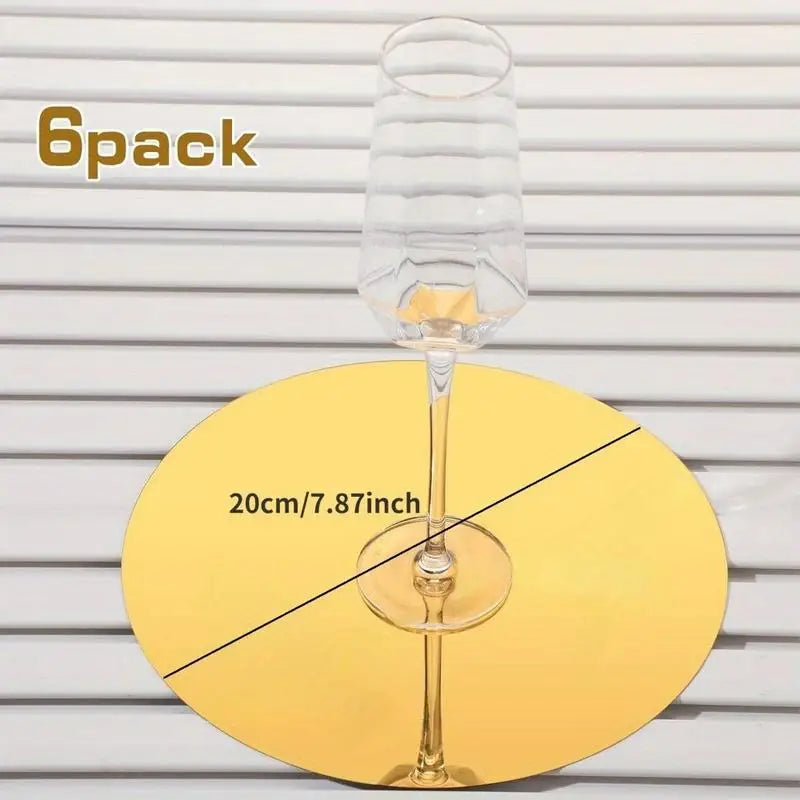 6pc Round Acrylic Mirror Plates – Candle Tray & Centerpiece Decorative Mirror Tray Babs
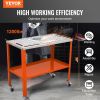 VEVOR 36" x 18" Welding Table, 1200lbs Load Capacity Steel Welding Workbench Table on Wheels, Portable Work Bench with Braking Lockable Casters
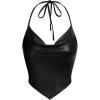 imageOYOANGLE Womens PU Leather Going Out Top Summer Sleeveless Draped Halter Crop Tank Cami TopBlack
****
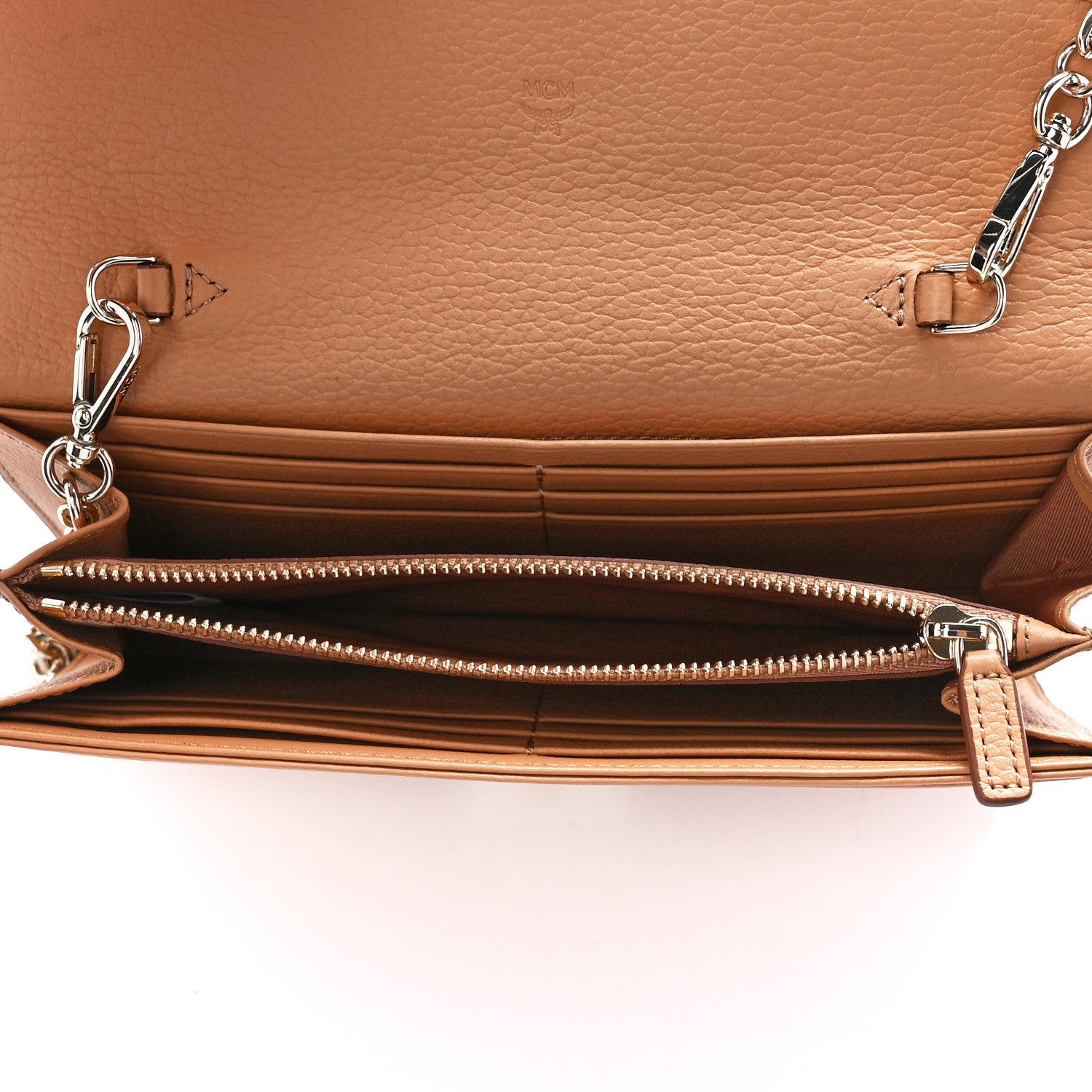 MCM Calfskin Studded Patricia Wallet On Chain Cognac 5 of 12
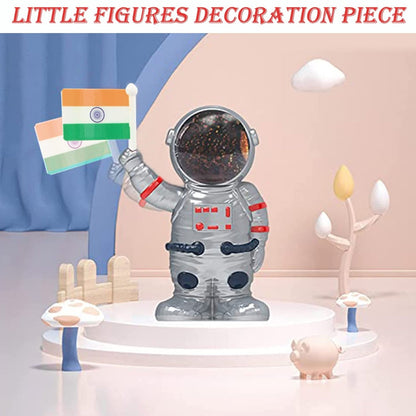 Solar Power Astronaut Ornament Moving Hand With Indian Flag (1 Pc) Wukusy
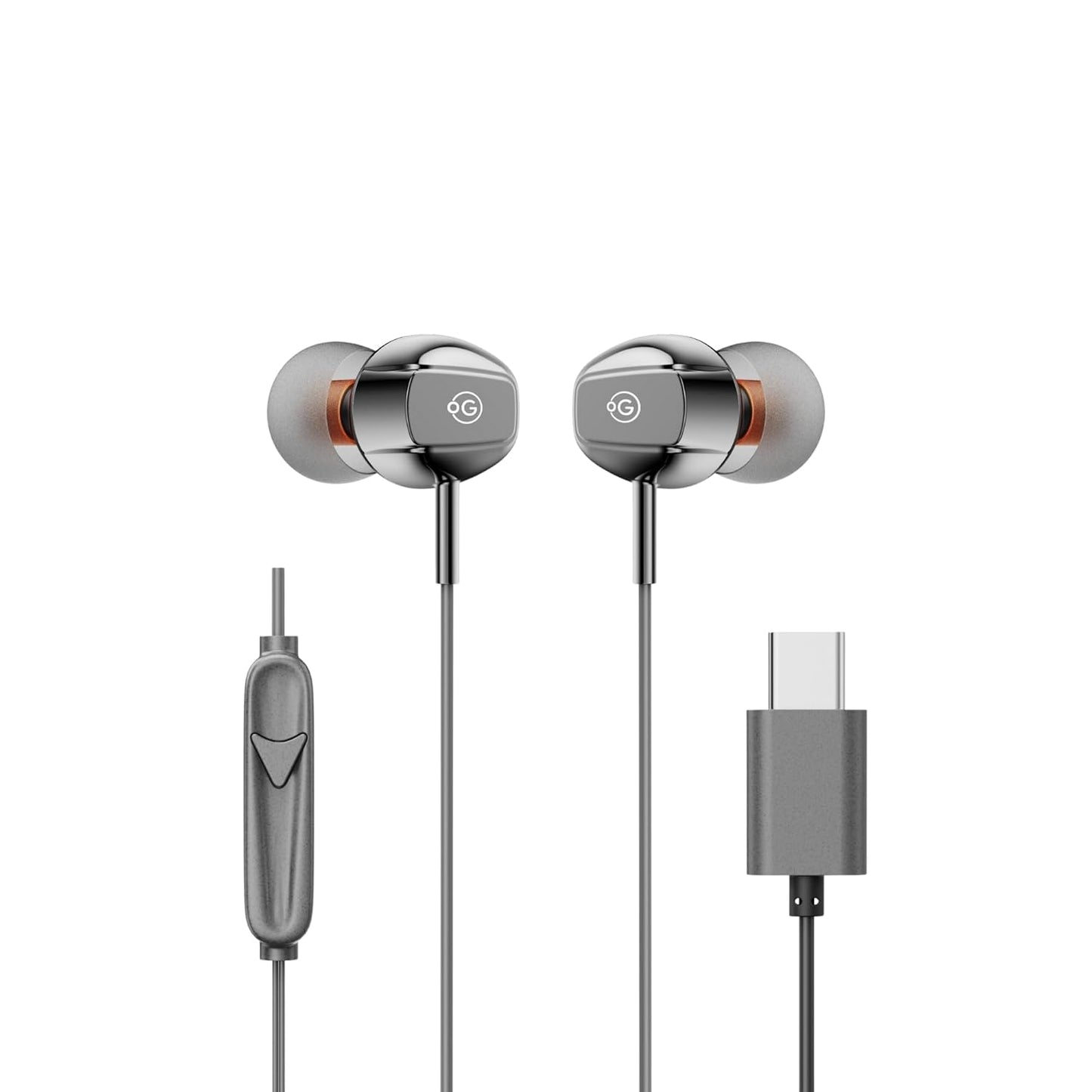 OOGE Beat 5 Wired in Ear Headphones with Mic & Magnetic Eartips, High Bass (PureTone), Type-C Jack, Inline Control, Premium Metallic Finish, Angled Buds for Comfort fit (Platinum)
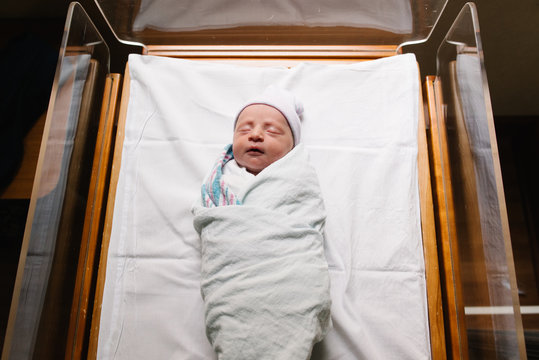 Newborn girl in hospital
****
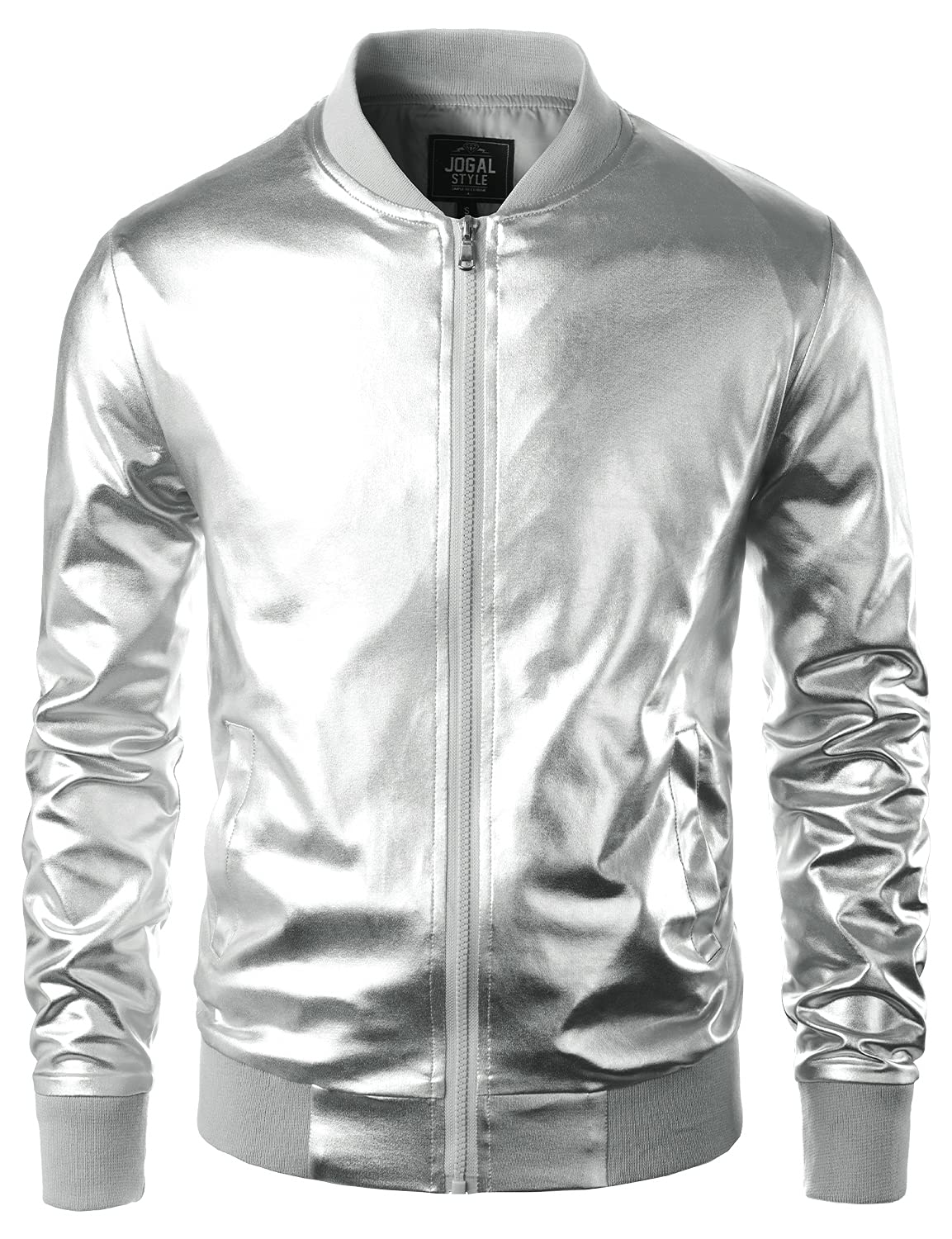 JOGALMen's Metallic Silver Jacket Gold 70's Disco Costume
****
> _What is expected_: Would you copy the lines above exactly, starting with the one that has "MCM Calfskin Studded" and ending with the one that has "Newborn girl in hospital", both included, without the pictures?

> _Expected answer_:
 MCM Calfskin Studded Patricia Wallet On Chain Cognac 5 of 12
 Solar Power Astronaut Ornament Moving Hand With Indian Flag (1 Pc) Wukusy
 OOGE Beat 5 Wired in Ear Headphones with Mic & Magnetic Eartips, High Bass (PureTone), Type-C Jack, Inline Control, Premium Metallic Finish, Angled Buds for Comfort fit (Platinum)
 Newborn girl in hospital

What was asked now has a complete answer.